Episode 2
Financiers, Consumers, Debt Collectors, Lawyers and other Animals.
What happens when a debtor defaults
on his/her commitments towards a Creditor. What are the actions Creditors take ?
Without going into too much detail
one or all of the under mentioned is going to happen:
The debtor might phone the creditor
or visit them at their place of business to discuss his problem. The Creditor
might phone the debtor. Invariable a letter of demand will be in the mail
already. Initially all will be very
cordial and possibly an arrangement as to how this is going to be rectified
will be made. All fine and well? Nooo not really………….. Should the debtor default on this arrangement
the tone of voice and accompanying facial expressions is going to change.
Smiles disappear.
You will be greeted by
a very official good morning Mr.
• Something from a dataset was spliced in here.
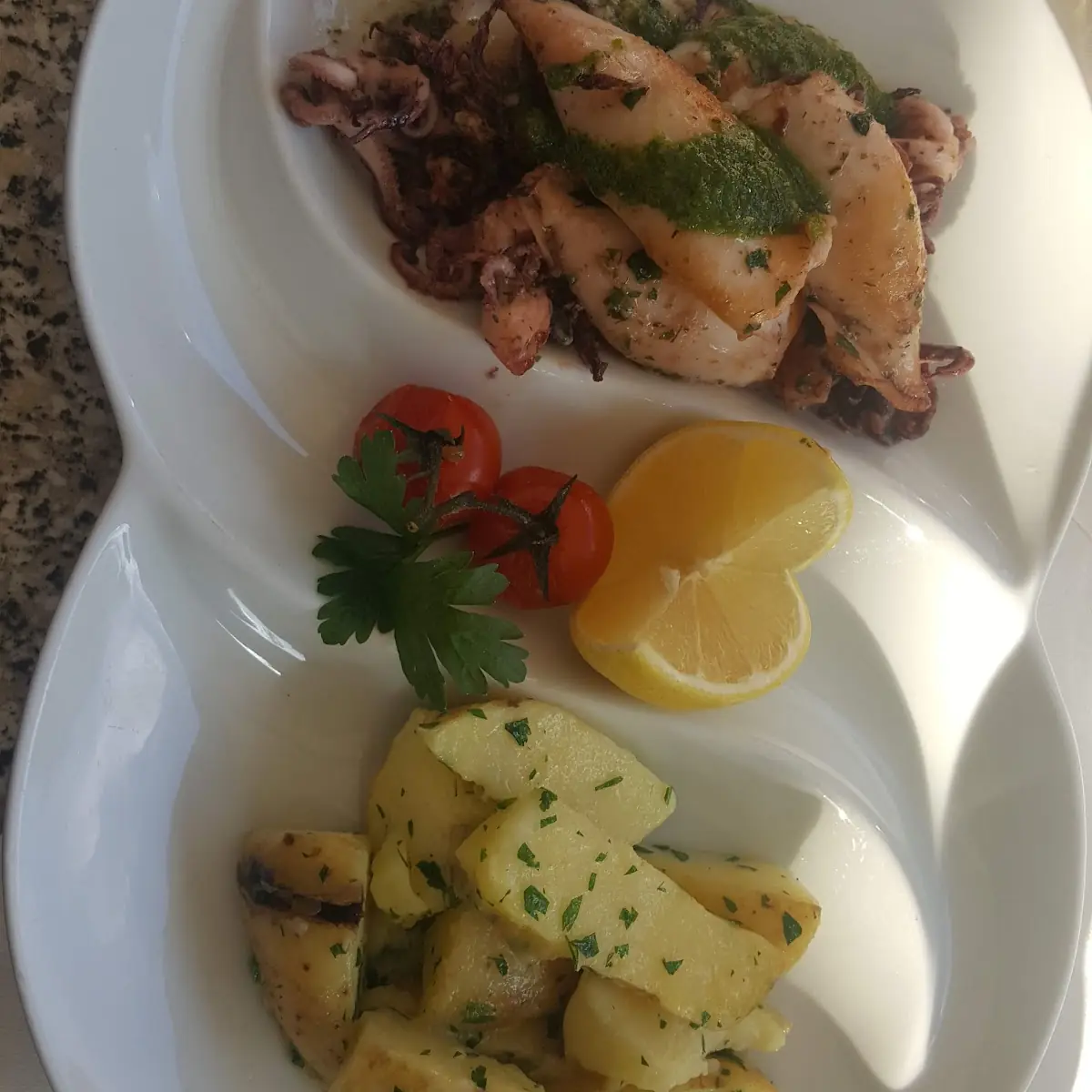 Gegrillte Calamari Rosa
You
will not be John or Mary anymore. You will be Mr or Mrs……………
Just for clarification : It is in all
probability not the doing of the debtor that landed him in the predicament. One
of a few things could have happened.
Firstly The creditor might not have
given execution to his required caution in terms of the NCA in that he might
not ( More than a 50% probability) have evaluated the debtors ability to repay
the borrowed money. This could be
classified as reckless lending which could cost him the loss of the full
capital lend out. (This action will be discussed in more detail later)
Secondly The debtor might have
encountered a few problems: He
might have had a serious sudden expense (broken down vehicle, burglary, whatever)
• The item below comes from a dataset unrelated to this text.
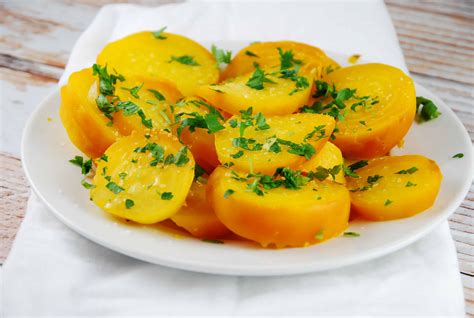 Roasted Yellow Beets - 2 Points - LaaLoosh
This can normally be handled in a month or so if the creditor plays ball and
extend the possible arrears.
He might have lost his job, might
have been retrenched, his business might have a cash flow problem or any other
real reason. The reason normally is of no real concern to the creditor. You see
….as far as they are concerned it is the problem of the Debtor.
Now the problem might escalate. The
debtor might not be able to honour his commitments anymore and will start
avoiding the threatening phone calls, Sms’s or emails. The Creditor will now
send out a notice in terms of s129 of the NCA which by law have to be received
by the Debtor before any legal action can commence. Please not I say RECEIVED.
( in a recent case commonly known as Sebola it was established by the
constitutional court that proof of receipt of this notice must be given and not
just proof of dispatch thereof)
Normally at this stage the debt might be given over to debt collectors who will start the process again of phoning and
threatening the consumer. In some cases, depending on the bank’s view of
possibility to collect, the debt is ceded to the debt collectors who now operate on
the view that you owe them money. Should
the debtor make an arrangement with them they will collect a collection fee as
well as interest. They will in all
probability send the debtor an AOD (acknowledgement of debt) where amongst
others the debtor will wave his right defend any action and consent to judgment.
I will in future episodes handle all
the different ways and tricks Creditors use to extend pressure and stress on
debtors. For now I am only going to list
a few actions a DEBTOR might
take and cautions to observe when dealing with Creditors. I know
I might get a lot of flack from a lot of people (mostly creditors) but what the
heck. I am playing with the lions tail
and I might just be gearing up for a class action of sorts – details later.
Here are the 7 cardinal rules when confronted by a
Creditor:
(Just remember : should this land a court of law the creditor will use every piece of paper and every word in a conversation against you)
1.
Never admit to owning them anything –
not verbally or in writing.
2.
Never make specific arrangements you
do not have 100% control over.(and you most probably never have 100% control over
anything!)
3.
If phoned by a debt collector no
matter who they are insist on them identifying themselves. The following are the bare minimum you
request they email to you:
a.
A copy of their mandate from the
Creditor to act on his behalf.
b.
A copy of the debt collector’s
registration certificate with the debt collectors council.
c.
Proof that the caller are actually
employed by the Debt collector agency.
d.
A copy of the original alleged
instrument of debt.
e.
A full copy of how they have arrived
at the alleged amount owed to them.
f.
Full details of the relationship
between the debt collector and the debt – is he operating on behalf of a
creditor or has he taken session of the debt.
4.
Never but Never sign anything – Like in
Never.
5.
If you ever consider to ignore rule 3 see a
Lawyer first !
6.
Especially never sign a new AOD - never !
7.
Do not agree with anything that is said to
you on the phone- remember
you do not know who the person on the other side is.